**Your goal**. After finding the line that holds "Parnassius stubbendorfii" below, set down that line and the rest through the final one exactly, leaving the pictures out.
*** Provided data ***
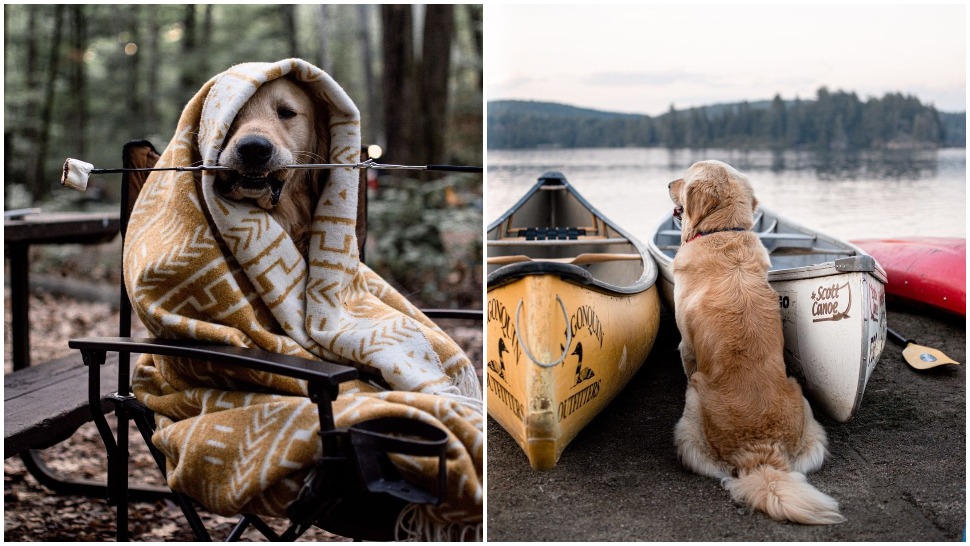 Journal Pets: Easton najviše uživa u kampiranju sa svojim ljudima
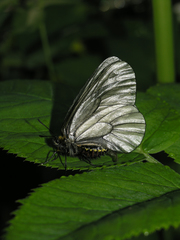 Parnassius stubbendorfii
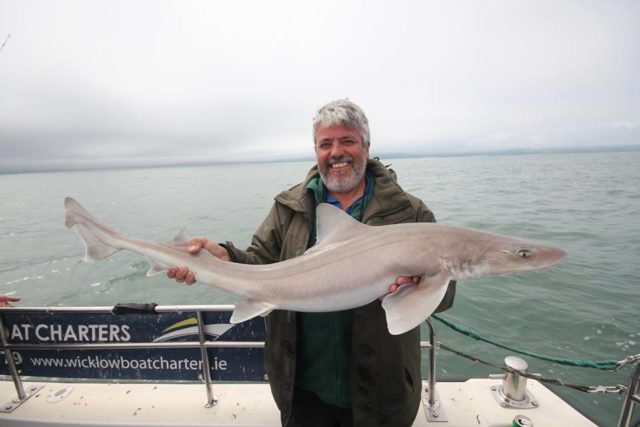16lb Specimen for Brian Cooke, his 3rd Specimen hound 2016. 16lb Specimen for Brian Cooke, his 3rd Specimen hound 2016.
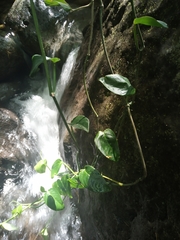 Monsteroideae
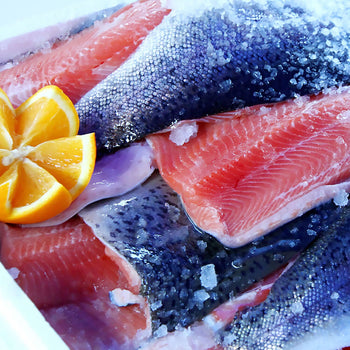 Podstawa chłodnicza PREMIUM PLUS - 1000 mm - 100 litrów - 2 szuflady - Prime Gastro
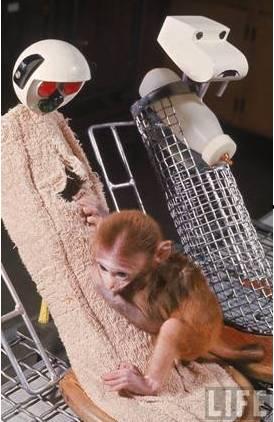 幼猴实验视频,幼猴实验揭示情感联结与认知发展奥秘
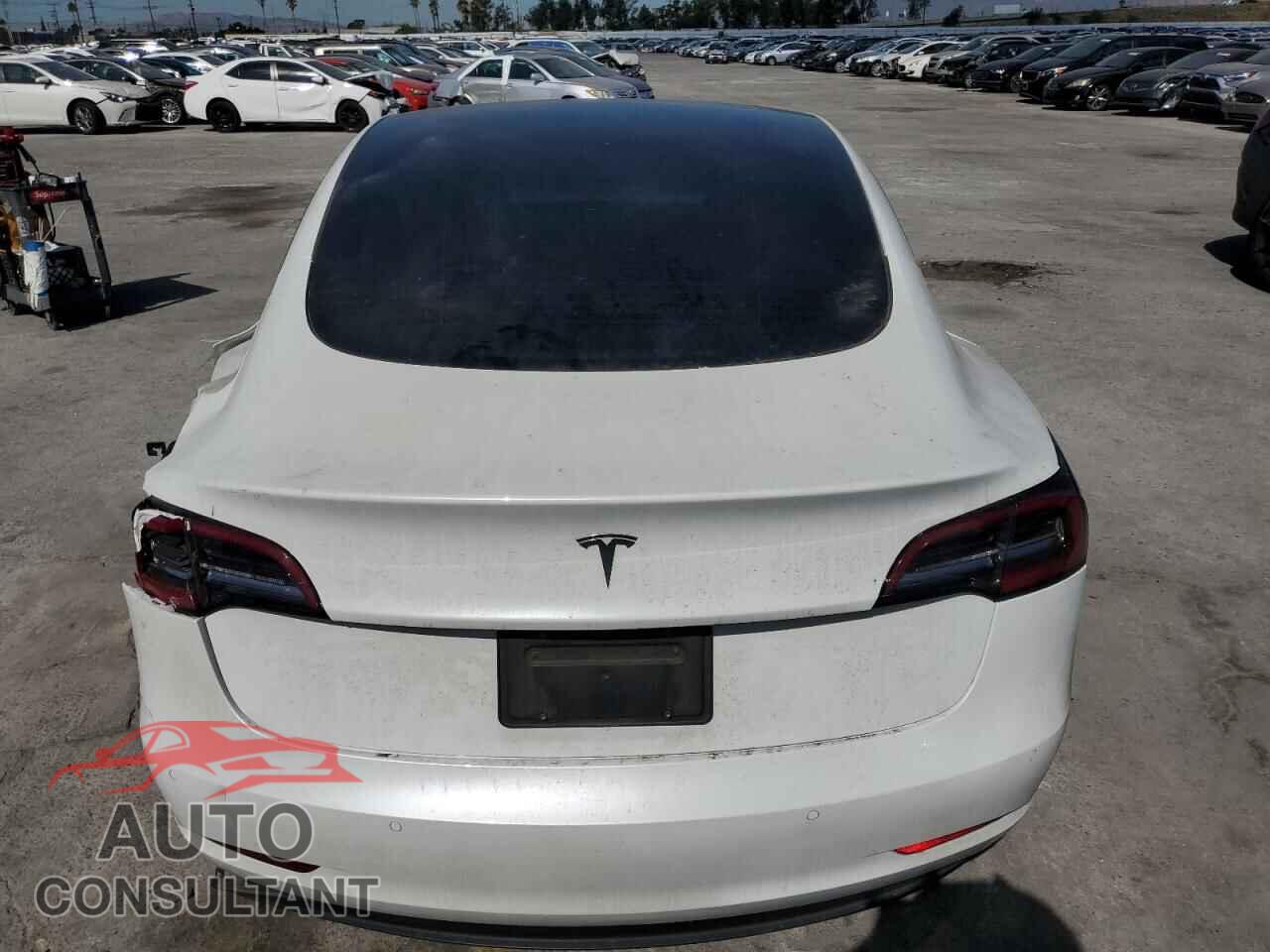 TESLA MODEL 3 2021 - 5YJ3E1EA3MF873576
***
**Answer section**.
 Parnassius stubbendorfii
16lb Specimen for Brian Cooke, his 3rd Specimen hound 2016. 16lb Specimen for Brian Cooke, his 3rd Specimen hound 2016.
 Monsteroideae
 Podstawa chłodnicza PREMIUM PLUS - 1000 mm - 100 litrów - 2 szuflady - Prime Gastro
 幼猴实验视频,幼猴实验揭示情感联结与认知发展奥秘
 TESLA MODEL 3 2021 - 5YJ3E1EA3MF873576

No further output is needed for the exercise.